Bolehkah Berjabat Tangan dengan Penghalang?

saling-bersalaman.jpg

Syaikh Muhammad bin Sholeh al-Utsaimin pernah ditanya : apakah boleh berjabat tangan dengan kerabat perempuan di balik penghalang atau alas?

Jawaban :

Kerabat perempuan apabila mereka mahrom, maksudnya perempuan-perempuan yang diharamkan untuk dinikahi-maka ia boleh berjabat tangan dengannya di balik penghalang/alas atau bersentuhan langsung.

Karena seorang mahrom boleh melihat perempuan yang menjadi mahromnya, meliputi ; melihat wajah, kedua telapak tangan dan kedua kakinya dan apa yang telah disebutkan oleh para ulama.  Adapun kerabat perempuan yang bukan mahrom, maka ia tidak boleh berjabat tangan dengannya, baik dengan panghalang/alas ataupun tanpa penghalang / alas. Meskipun hal itu sudah menjadi kebiasaan mereka.
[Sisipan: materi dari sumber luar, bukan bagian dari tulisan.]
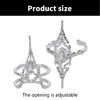 Set of 2 Unique Hollow Finger Tip Bone Rings Fashion Joint Open Ring Comfortable Holllow Rhinestones Rings Accessories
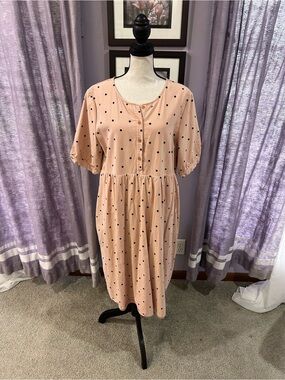 Roolee Polka Dot Midi Dress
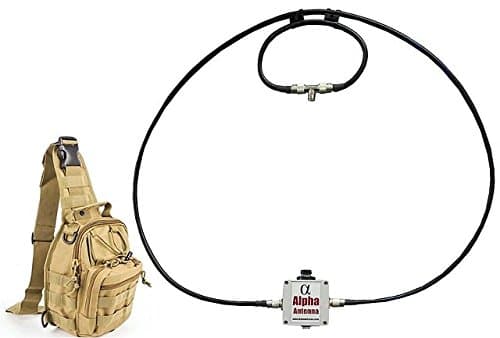 New 2019 Version! 10-40 Meter Alpha Loop Magnetic HF Antenna with Field Bag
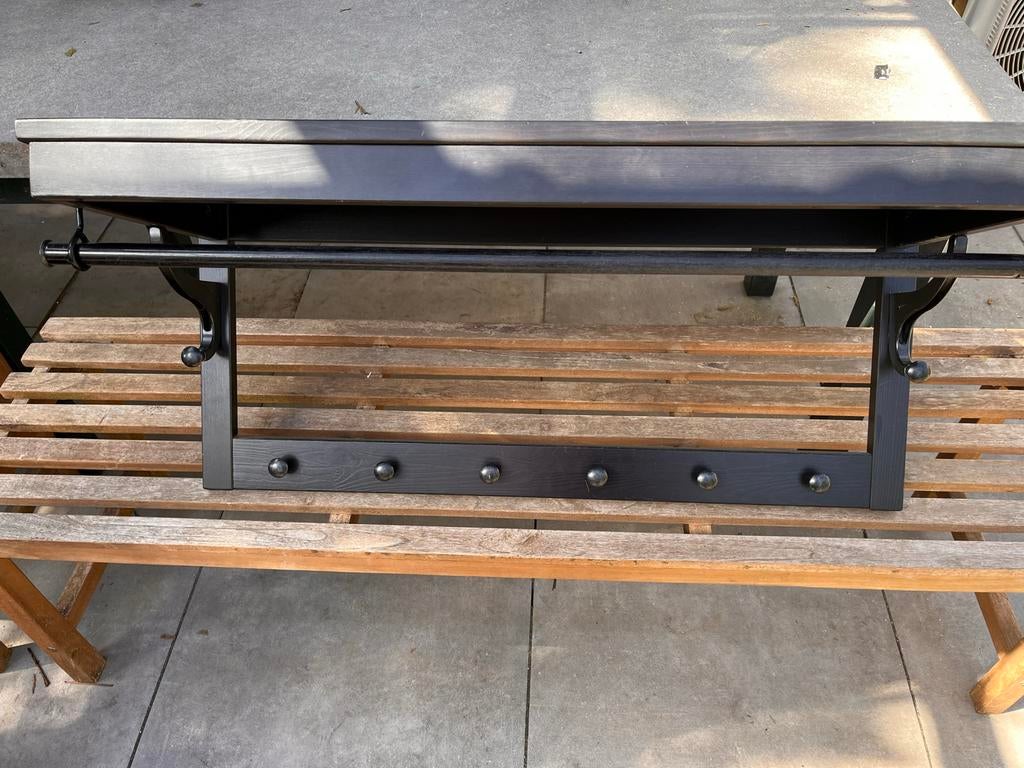 IKEA Hemnes kapstok met hoedenplank - Zwart, Gebruikt, Minder dan 100 cm, Hout, Ophalen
Wajib atas seseorang membatalkan kebiasaan tersebut karena menyalahi syariat, karena meraba/menyentuh lebih besar (dosanya) daripada melihat.

Dan biasanya (kemungkinan) syahwat terpicu dengan sebab meraba/menyentuh lebih besar daripada terpicunya dengan sebab pandangan. Sehingga apabila seseorang tidak diperkenankan melihat telapak tangan perempuan yang bukan mahromnya, maka bagaimana mungkin ia diperkenan memegang tangan tersebut.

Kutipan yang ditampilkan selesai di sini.